**Directions for this task:** All the data that follows should be repeated exactly, without a single picture.
┄┄┄┄┄┄┄┄┄┄┄┄┄┄┄┄┄┄┄┄
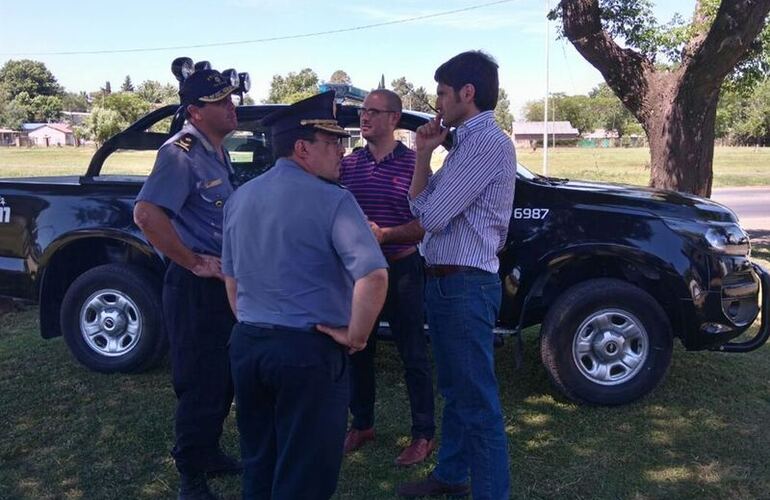 En persona. El ministro quiso hacer la entrega de forma oficial y personal a las autoridades de Pueblo Esther. Foto: Gentileza Maximiliano Pascual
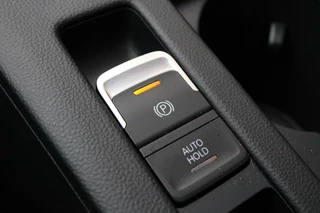 Volkswagen Passat Volkswagen Passat Variant 1.6TDI Highline Business R | Pano | Trekhaak - afbeelding nr 27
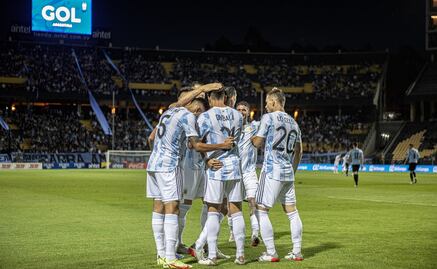 Argentina vence a Uruguay para prácticamente sellar su pase a Qatar 2022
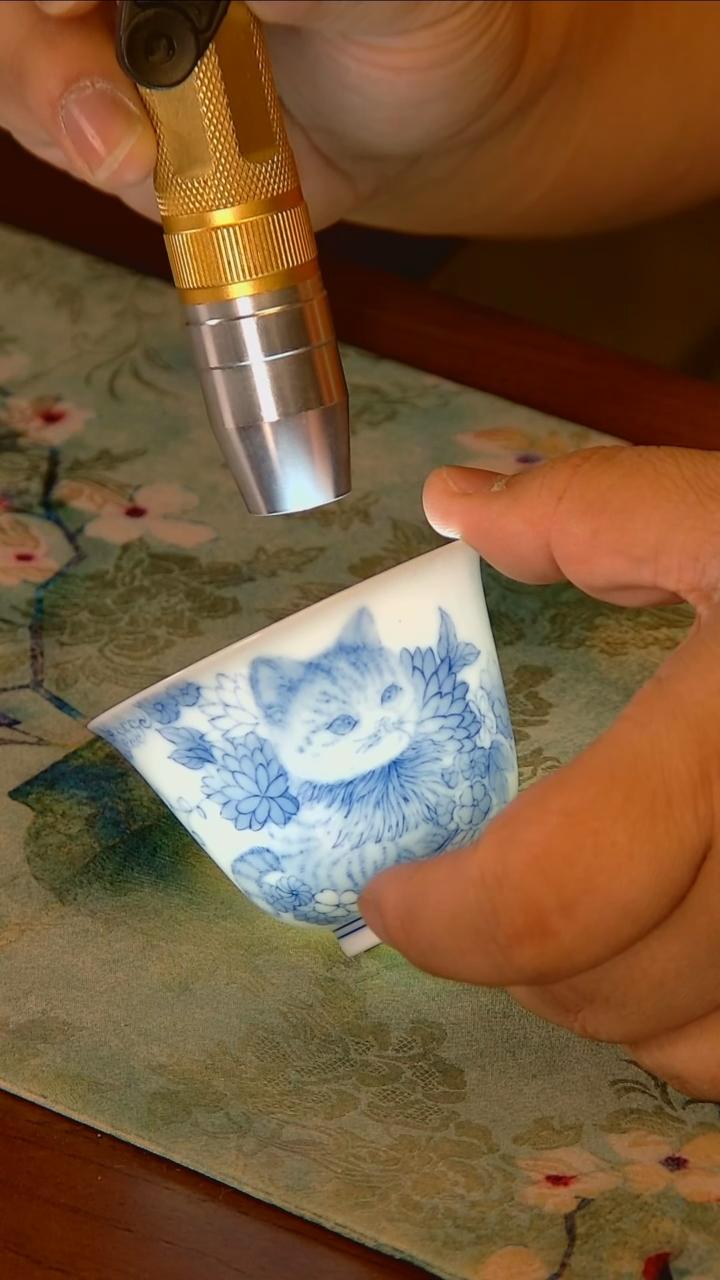 杯手工手绘杯杯很美丽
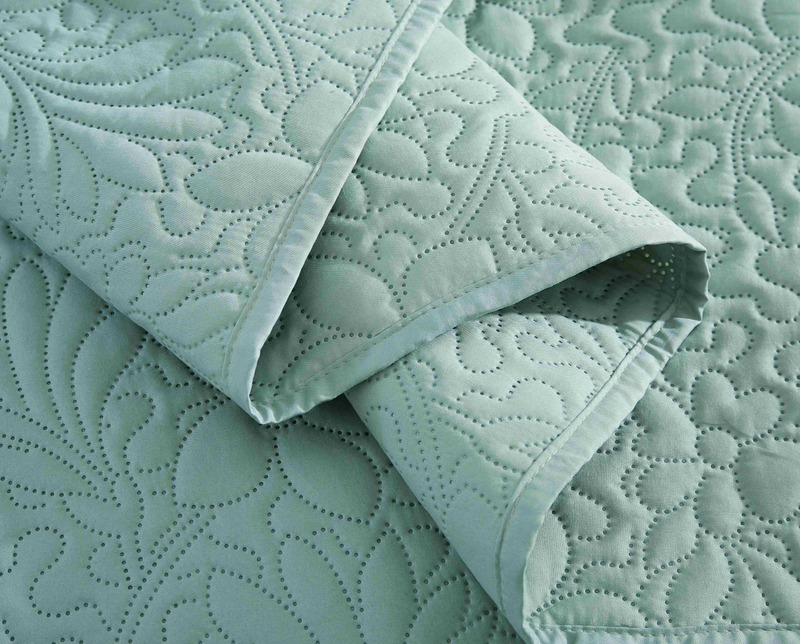 CG05 Five-Leaf Clover Bed Cover Set, Suitable For Bedrooms And Living Rooms (1* Bedspread +2* Pillowcase, No Duvet Core Or Pillow Core)_voghion.com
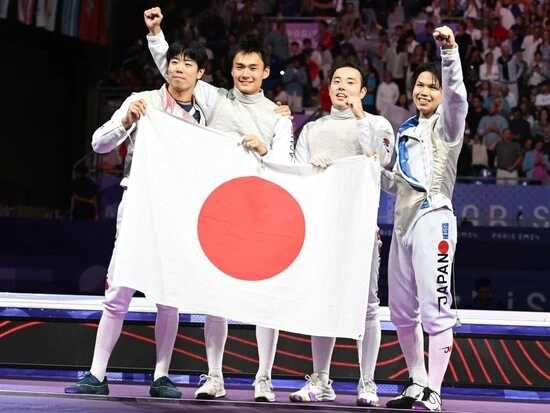男子フルーレ団体で初の金メダルを獲得。左から２番目が松山　photo by JMPA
┄┄┄┄┄┄┄┄┄┄┄┄┄┄┄┄┄┄┄┄
**Written reply:**
 En persona. El ministro quiso hacer la entrega de forma oficial y personal a las autoridades de Pueblo Esther. Foto: Gentileza Maximiliano Pascual
 Volkswagen Passat Volkswagen Passat Variant 1.6TDI Highline Business R | Pano | Trekhaak - afbeelding nr 27
 Argentina vence a Uruguay para prácticamente sellar su pase a Qatar 2022
 杯手工手绘杯杯很美丽
 CG05 Five-Leaf Clover Bed Cover Set, Suitable For Bedrooms And Living Rooms (1* Bedspread +2* Pillowcase, No Duvet Core Or Pillow Core)_voghion.com
男子フルーレ団体で初の金メダルを獲得。左から２番目が松山　photo by JMPA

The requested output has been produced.